November 9, 2009 · Leave a Comment

Nancy Pelosi's memoir gives insight into the roots of the Speaker's recent victory.

Although health care reform may have nowhere to go in the Senate, it cleared a major hurdle yesterday as a compromise bill squeaked by in the House, 220-215.

While some pundits have called the legislation a major victory for President Barack Obama, others are giving far more credit to Nancy Pelosi, the nation’s first female Speaker of the House.

Pelosi’s tenacity, unceasing effort, and blend of persuasion and coercion contributed mightily to the bill’s narrow passage.

If some version of the bill passes in the Senate and is ultimately signed into law by Obama, it may be Pelosi’s signature moment in public service.

Pelosi tells the story of her life and political career in Know Your Power: A Message to America’s Daughters.

Pelosi’s exposure to politics began early.

Her father was Thomas D’Alesandro, was both a Congressman and later Mayor of Baltimore.  Her childhood home included expectations that one could achieve what one wanted provided that one was willing to put in the necessary work.

Whatever her detractors say, and there are many of them, they have to concede her willingness to do the gritty work necessary to get elected and to govern.

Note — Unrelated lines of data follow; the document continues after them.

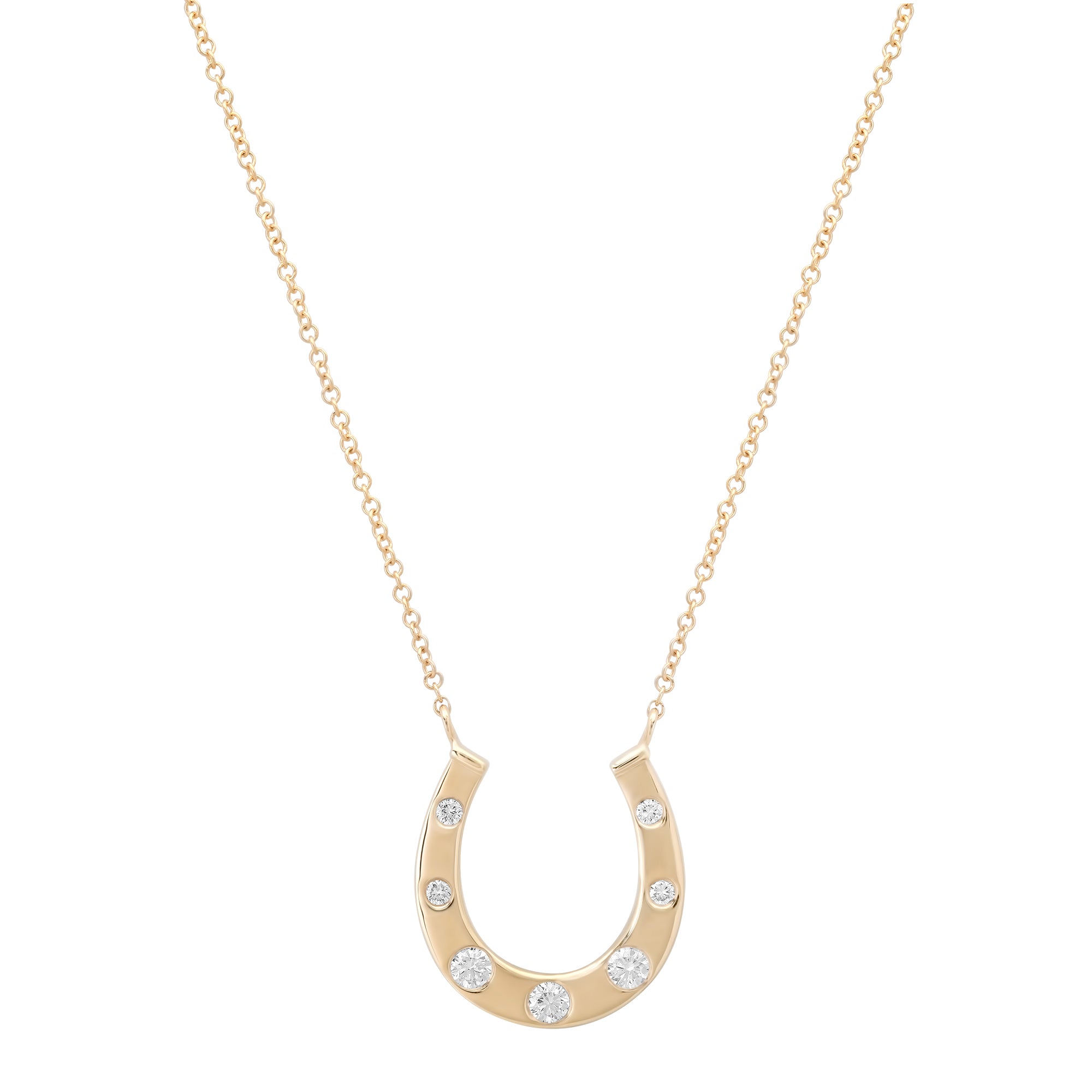 Gold Horseshoe Necklace with Graduated Diamond Details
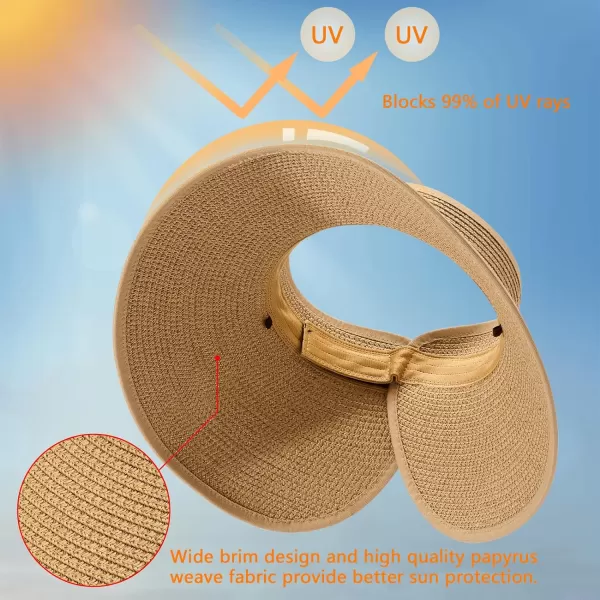 VIFUUR Sun Straw Hats Roll-up Ponytail Wide Brim Summer Visor for Womens Beach Hat Packable UPF UV Travel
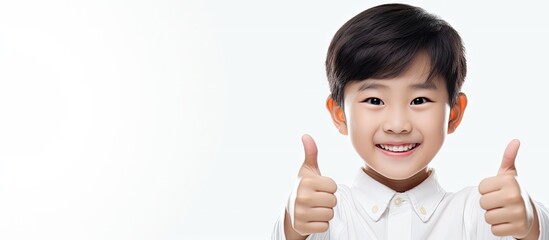 Poster - Smiling Asian boy isolated on white background raises both thumbs and looks at the camera Ample copy space available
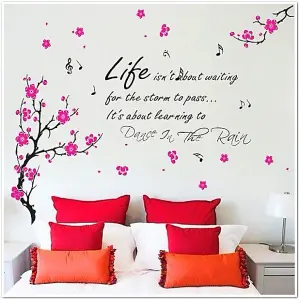 Walplus Huge Flowers Blossom Butterflies Children Wall Stickers Dance Rain Paper Quote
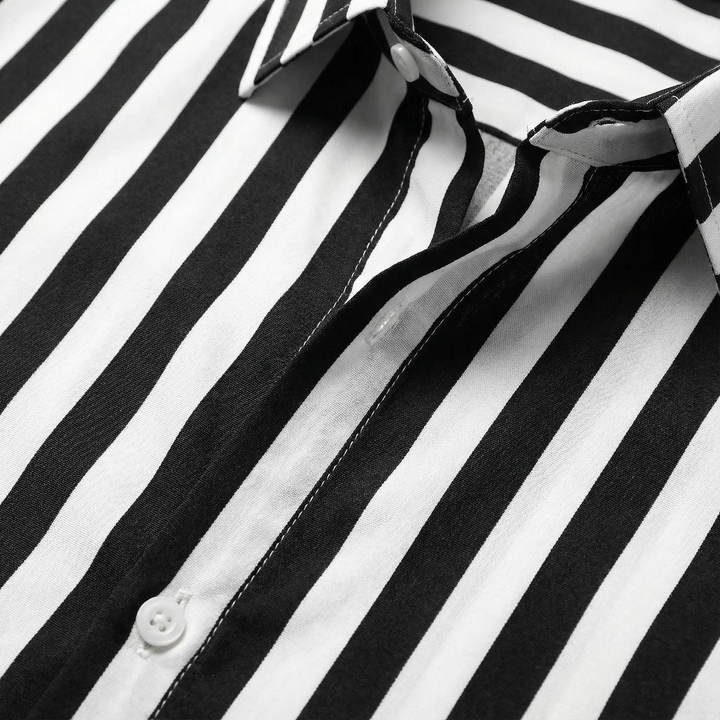 Men’s Long-Sleeve Button-Up Shirt – Vertical Stripe Pattern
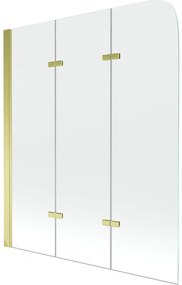 Mexen Felix protecție cadă cu 3 panouri 120 x 140 cm, transparent, auriu - 890-120-003-50-00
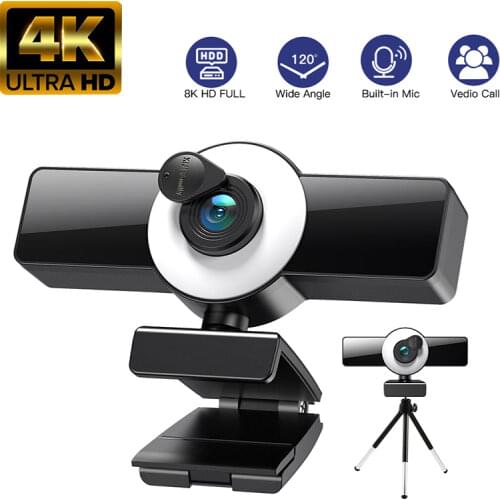 4k 8K Webcam Autofocus PC Computer Web Cams With Microphone 3 Color Modes Mini Cam For Conference Streaming Video Laptop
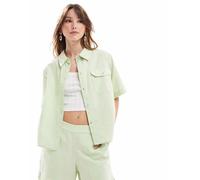 JJXX - Camicia oversize taglio corto verde a righe in coordinato 34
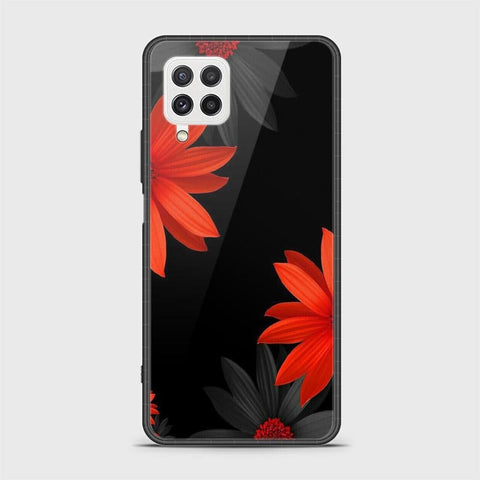 Samsung Galaxy A22 Cover- Floral Series 2 - HQ Ultra Shine Premium Infinity Glass Soft Silicon Borders Case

Pelosi shares how she did not originally set out to become the nation’s third most powerful elected official, but that she applied the tools she learned in her youth and, as a mother, working to effect change locally through her local PTA.

Her arc and ultimate success is a quintessentially American story, and, as the title implies, one that Pelosi wants young women to know about and absorb.  While waiting for Senate Majority Leader Harry Reid to decide whether he can marshall a filibuster-proof majority on the Senate side, you might want to read Pelosi’s brief and accessible memoir.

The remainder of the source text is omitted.